Quest'anno si è parlato proprio di educazione ed istruzione, se la scuola debba istruire od anche educare ed è emerso che solo noi italiani, come al solito direi, facciamo questa distinzione, negli altri paesi esiste solo un termine "education" e così durante i convegni europei ci facciamo sempre la nostra bella figura.
Porto viva nella mente la frase di esordio del relatore "L'educazione non si infonde, si diffonde" come per dire che quello dell'insegnante non è un mestiere come tanti altri, quanto piuttosto un modo di essere di una persona che educa per come agisce e vive, per i valori in cui crede e l'esempio che da'.

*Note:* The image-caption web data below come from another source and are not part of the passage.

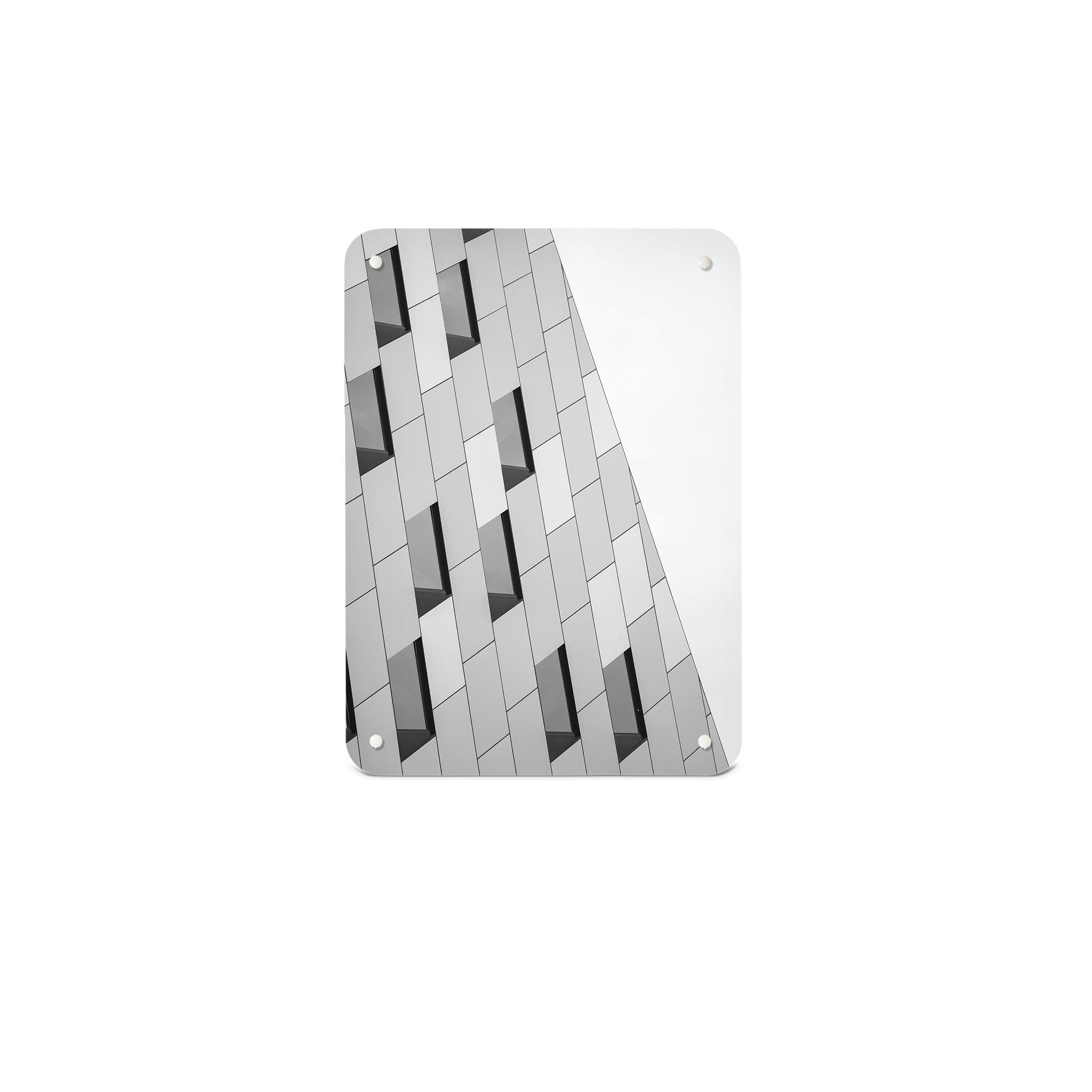 A small magnetic notice board by Beyond the Fridge with an image of an abstract building and windows in black and white 
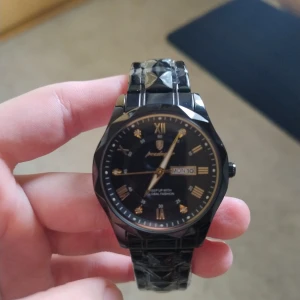 Svart klocka med guldiga detaljer - Stilren svart klocka från Pordora med guldiga visare och romerska siffror. Den glänser mycket och lockar fram brudarna 👀 men den är inte min stil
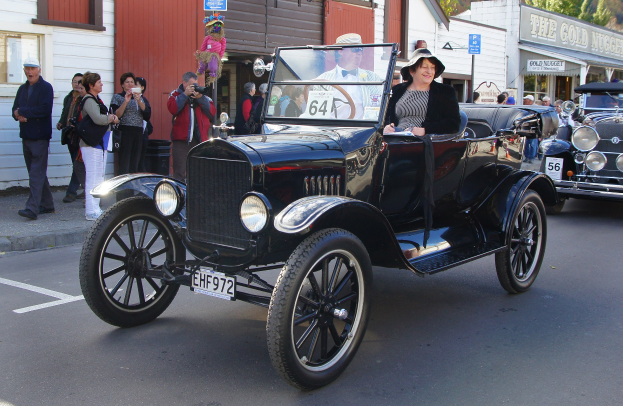 Eine Frau fährt ein Oldtimer-Auto eine Straße mit Gebäuden, Bäumen und Schildern entlang, während Menschen mit Kameras auf dem Gehweg unter einem sichtbaren Himmel stehen.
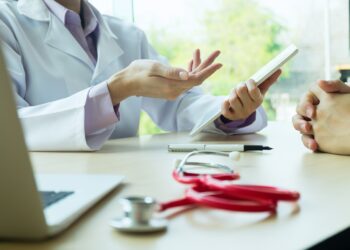 doctor and patient are discussing something.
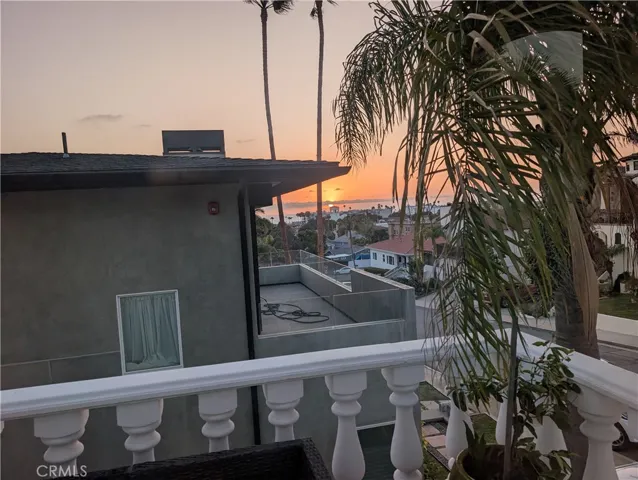 Ocean & palm-tree views from the main-level balcony, creating a relaxing coastal setting.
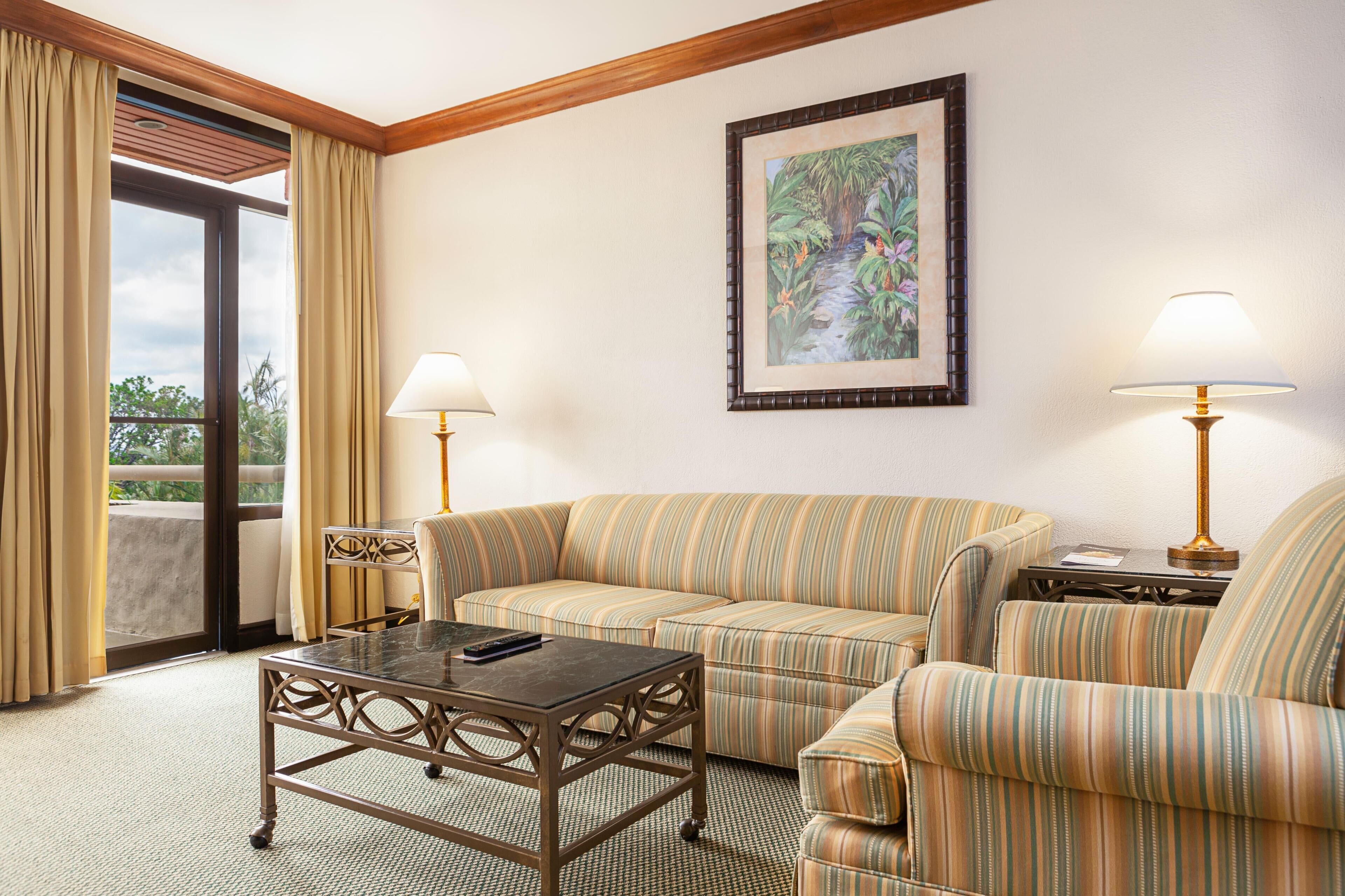 A room with a sofa, armchair, table, lamps, and a framed picture on the wall.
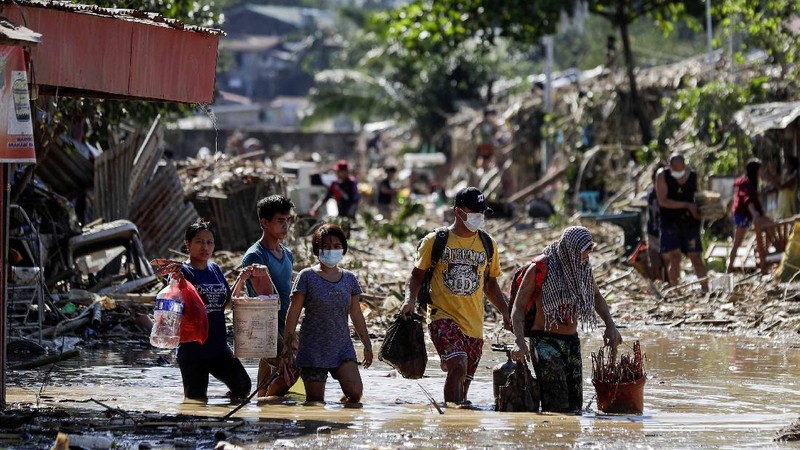 \Warga menyelamatkan barang berharga yang masih bisa digunakan saat terkena banjir akibat terjangan Topan Vamco di Filipina. (AP/Aaron Favila)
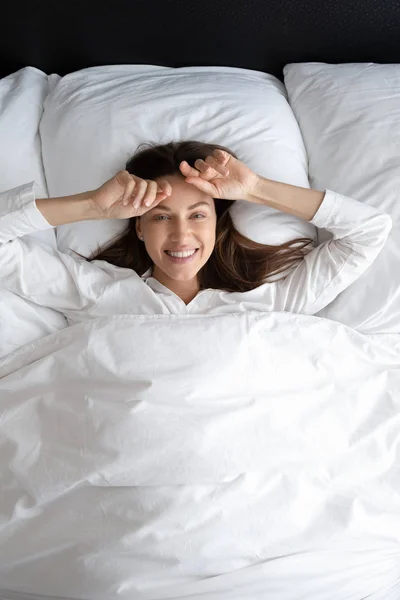 Potret vertikal wanita bahagia berbaring di bantal lembut di tempat tidur — Stok Foto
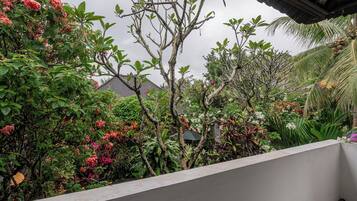 Un balcón con vistas a un jardín exuberante, una casa con techo de tejas y una palmera.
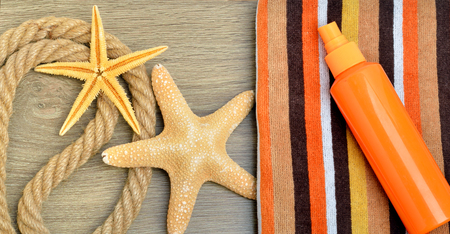 Starfish, color towel and sunscreen spray against on wooden background.の写真素材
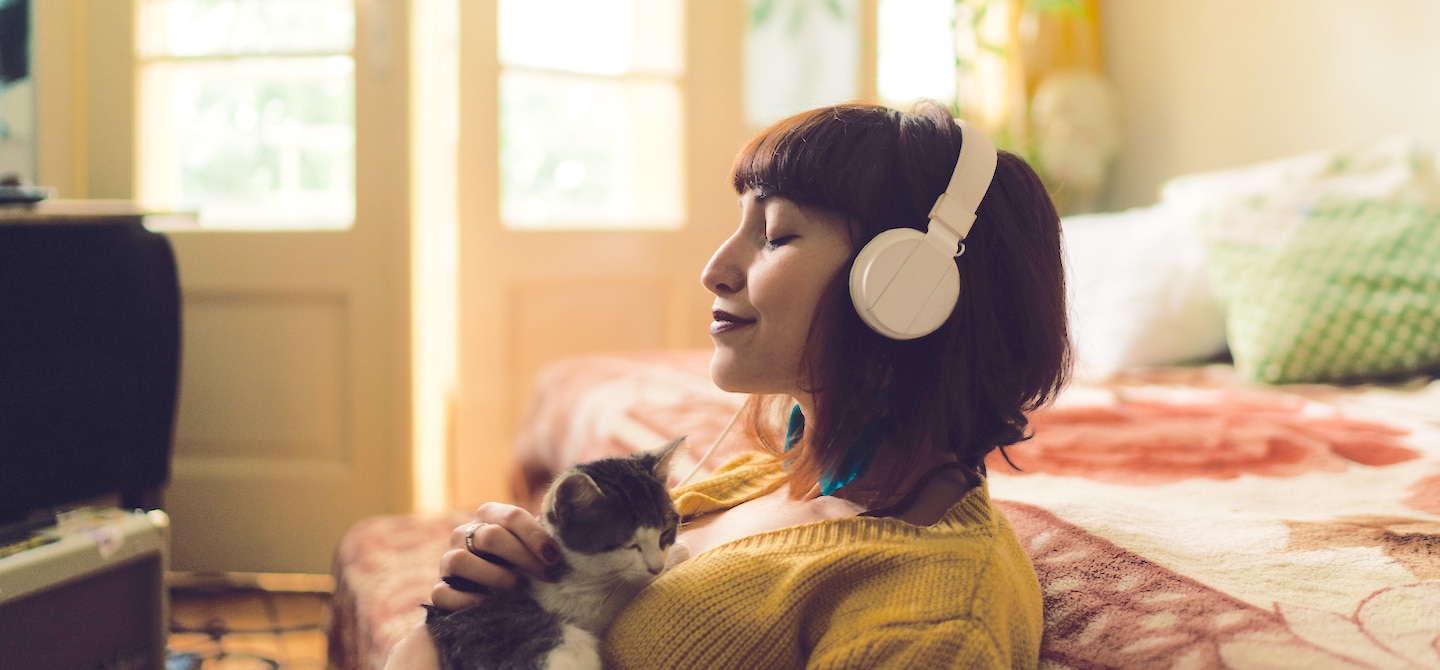 女人在卧室地板上抱着小猫听冥想应用耳机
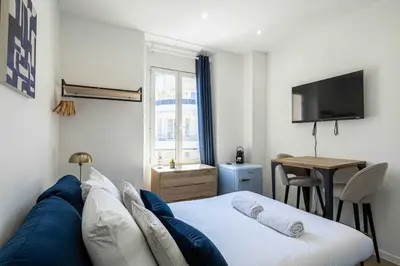 a white bathroom with a sink and a shower at Renovated cozy studio in Cannes - 2 persons in Cannes
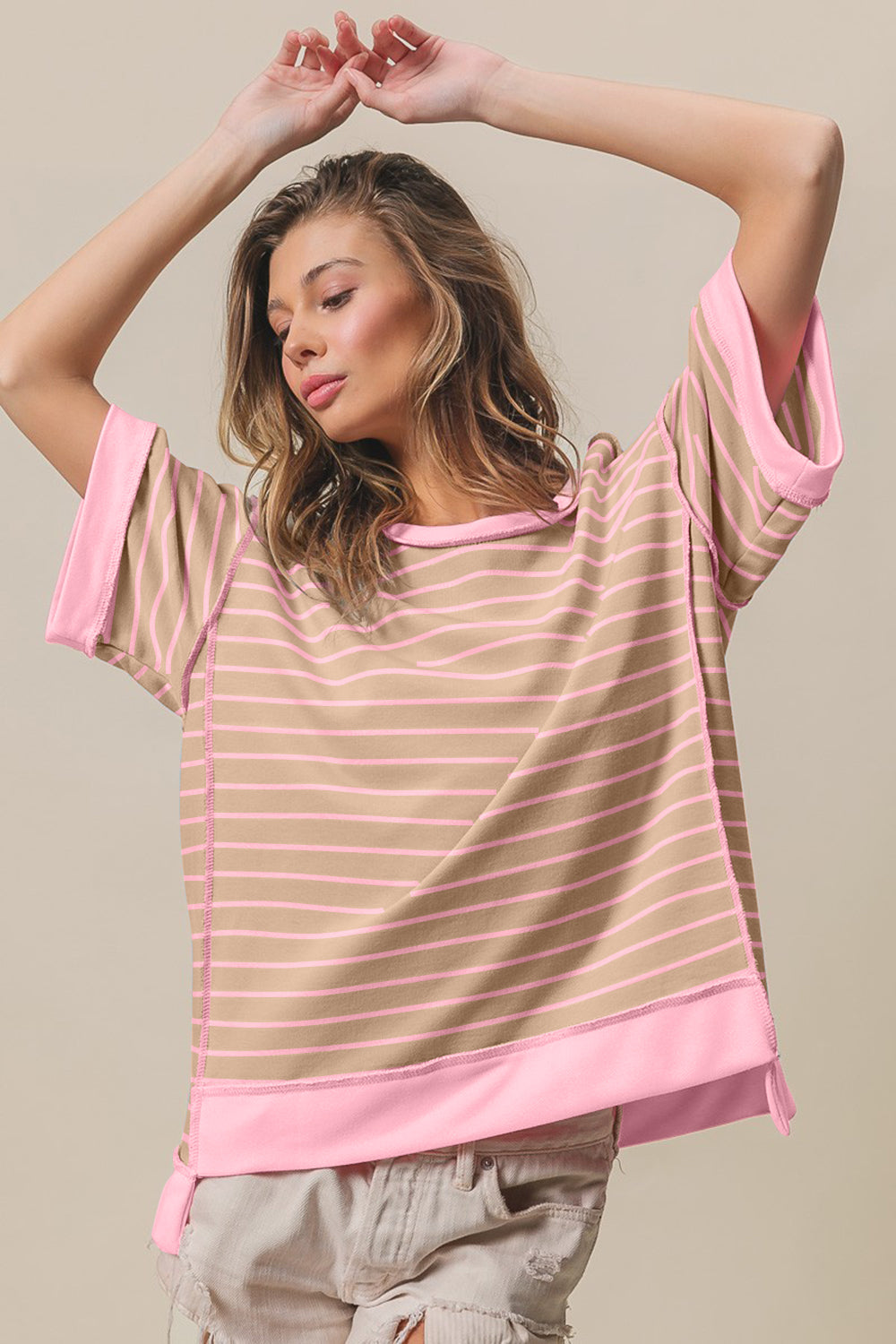 A person wearing a wide-brimmed hat, an oversized BiBi Exposed Seam Stripe Contrast T-Shirt, and distressed denim shorts stands with one arm raised and eyes closed against a beige background.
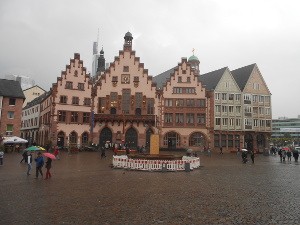The square is nearly deserted in the rain, but five restored old buildings face one side of the downtown city square.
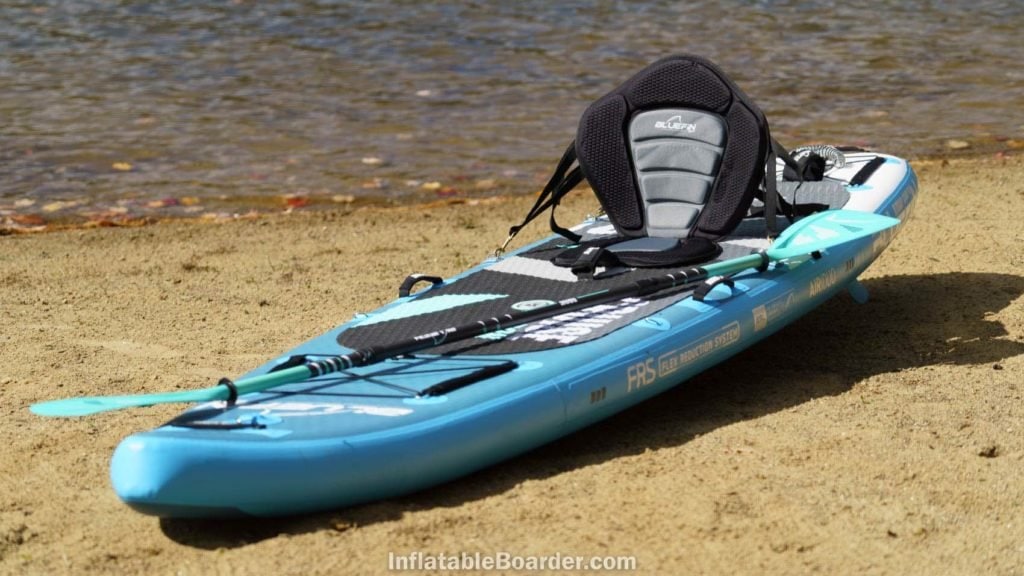 Cruise Carbon laying on a beach with kayak seat attachment.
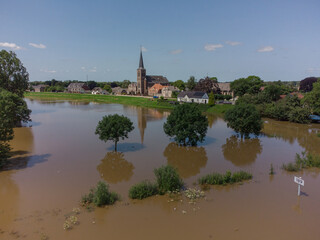 Fototapeta premium Flooded land and floodplains, drowned trees, river Maas village Appeltern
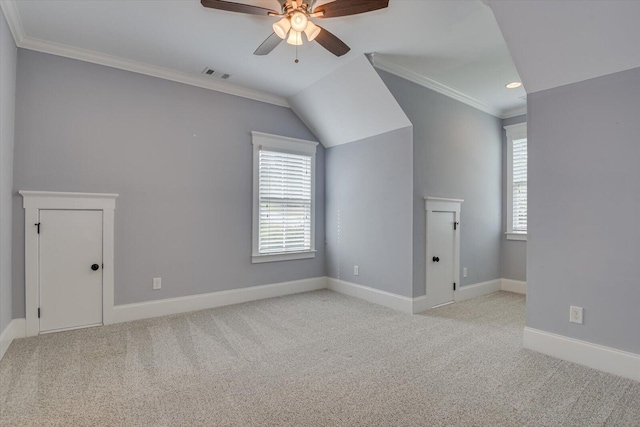 additional living space with ceiling fan, light carpet, and vaulted ceiling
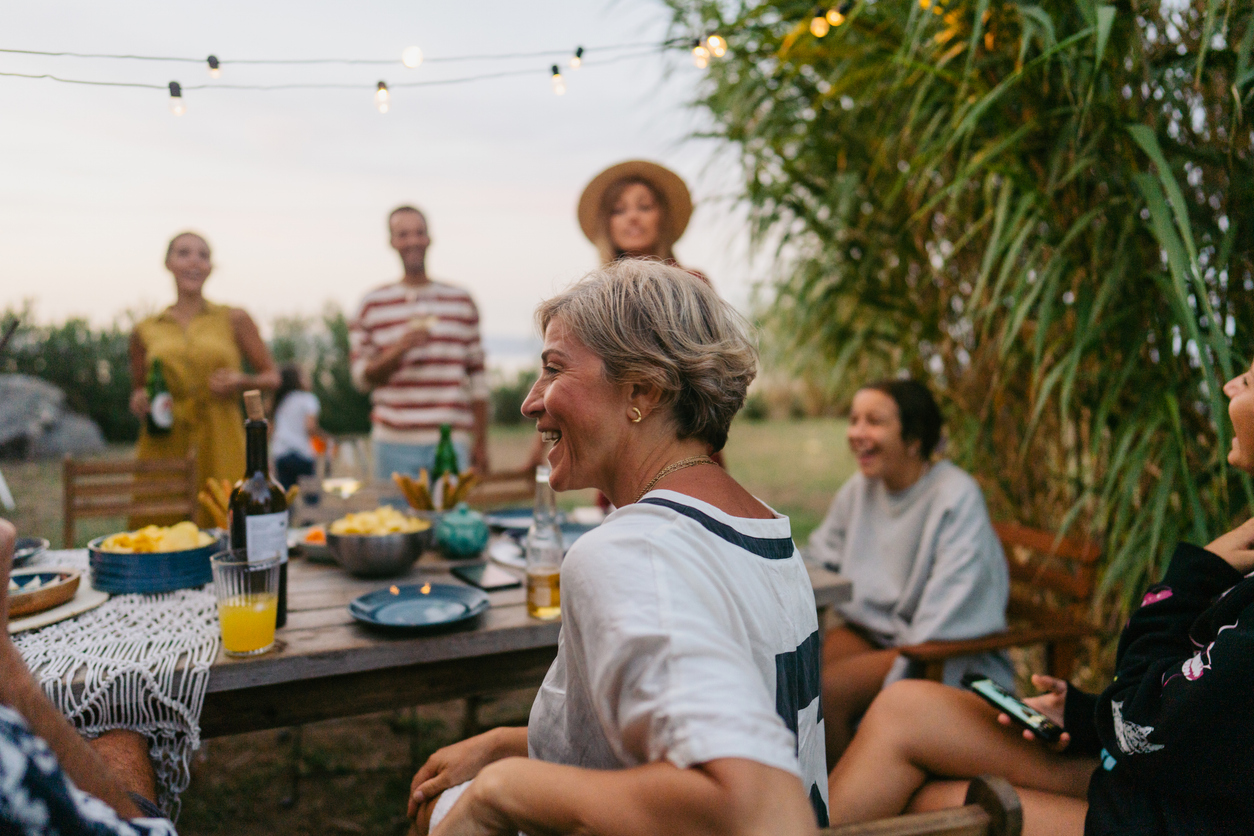 Photo of a woman enjoying the outdoor dinner party with her family and friends.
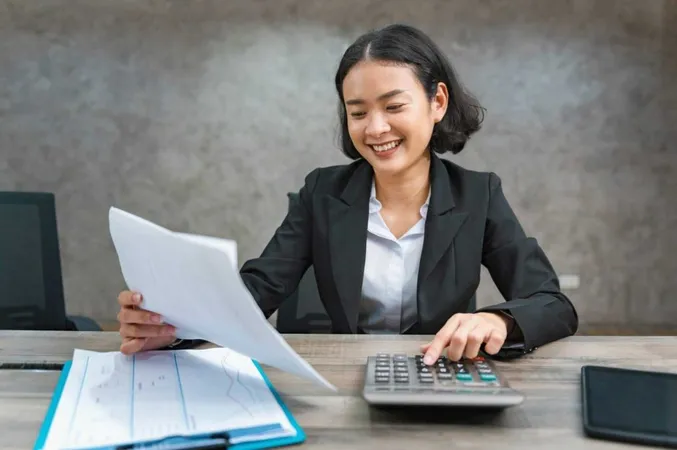 Woman Accountant Using Calculator Calculate Finance Report Office 1 X - Certified General Accountant study guide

Ed oggi più che mai, in una società in cui si ricerca l'utile e il facile, si sente viva l'esigenza di ritornare ai sentimenti ed ai valori. "L'uomo senza educazione si fa guidare dai bisogni" è per questo che dobbiamo cercare di educare eticamente i nostri bambini perché diventino dei bravi cittadini del domani, per questo dobbiamo abituarli fin da piccoli al rispetto delle regole del vivere comune, al rispetto per le persone e le cose, a tenere in ordine, ad utilizzare il linguaggio in modo corretto ed appropriato… in modo da trovare un proprio ordine interno, imparare a limitarsi e ricercare il perfezionamento di sé.
I suggerimenti sul come portare i bambini a questi traguardi, attraverso la valutazione proattiva, hanno fatto emergere un problema di cui spesso i genitori, e ahimè anche alcuni insegnanti, non si rendono conto e cioè che i giudizi sul bambino non andrebbero mai fatti, ma solo sui suoi comportamenti: << Vuoi tuo figlio intelligente, comincialo a pensare tale! >> (Bettelheim) ma anche che possiamo esigere il rispetto delle regole solo se anche noi le rispettiamo <<Vuoi educare alla democrazia, fai vivere il bambino in un contesto democratico>>(Dewey).
L'importanza del comportamento sociale e di lavoro, che implica avere una buona conoscenza di sé e dell'altro, riporta all'importanza della comunicazione e del controllo emotivo, della solidarietà e delle relazioni di aiuto, del rispetto si sé, dell'altro e della diversità. Rispetto dell'altro e del diverso che implica tolleranza raggiungibile se si insegna ai bambini a guardare le cose da ogni prospettiva, riflettendo, confrontando, facendo paragoni e raffronti: imparando cioè a "percepire"<< la percezione è la porta della conoscenza >> (Petter).
Sento di dover approfondire quest'ultimo concetto che credo molto importante per avviare i bambini  a diventare competenti, in grado cioè di saper risolvere problematiche reali attraverso le abilità, le conoscenze e l'emotività.
Un altro tema che mi ha molto coinvolta perché lo condivido profondamente è stato quello dello sviluppo della creatività e di come favorirlo nei nostri bambini (Munari, Loris Malaguzzi; sezioni come botteghe aperte...).
La riflessione sul curricolo implicito mi ha resa ancora più consapevole dell'importanza di una buona progettazione per promuovere gli apprendimenti spontanei nei bambini.
La definizione di "Bambino Vodafone, tutto intorno a me" descritta ha reso evidente la necessità ineludibile di ricercare sempre maggiormente l'alleanza delle famiglie, famiglie composte da genitori che danno tutto ai figli (a livello materiale) ma che non sanno più chiedere loro nemmeno piccoli sani sacrifici . E così crescono bimbi abituati a chiedere tutto, ma che non sanno più il significato delle parole attesa, sacrificio, condivisione... Ecco allora dove si inserisce il ruolo di noi insegnanti, cercare di educare i genitori attraverso un'alleanza possibile solo se noi educatori parliamo in modo chiaro, non in "pedagogese" e se esplicitiamo gli obiettivi, a breve termine, che intendiamo raggiungere con i nostri allievi.
Si è poi parlato della narrazione come valido strumento per arrivare, attraverso le storie, a  conoscere meglio se stessi e il mondo… da qui l'importanza di narrare storie significative, conosciute dall'adulto, preparate e non improvvisate in modo da ricercare domande di senso che possano far riflettere il bambino e portarlo a dialogare ed esprimere il proprio mondo interiore in modo partecipato insieme ai compagni e all'insegnante che deve farsi scriba del pensiero di ognuno rendendo le sue parole importanti e preziose.
Il luogo delle storie è una "casa di dialogo" dove il tempo è dilatato, rallentato, è lo spazio della libertà in cui non esistono le frontiere culturali e mentali ma solo condivisione ed intimità.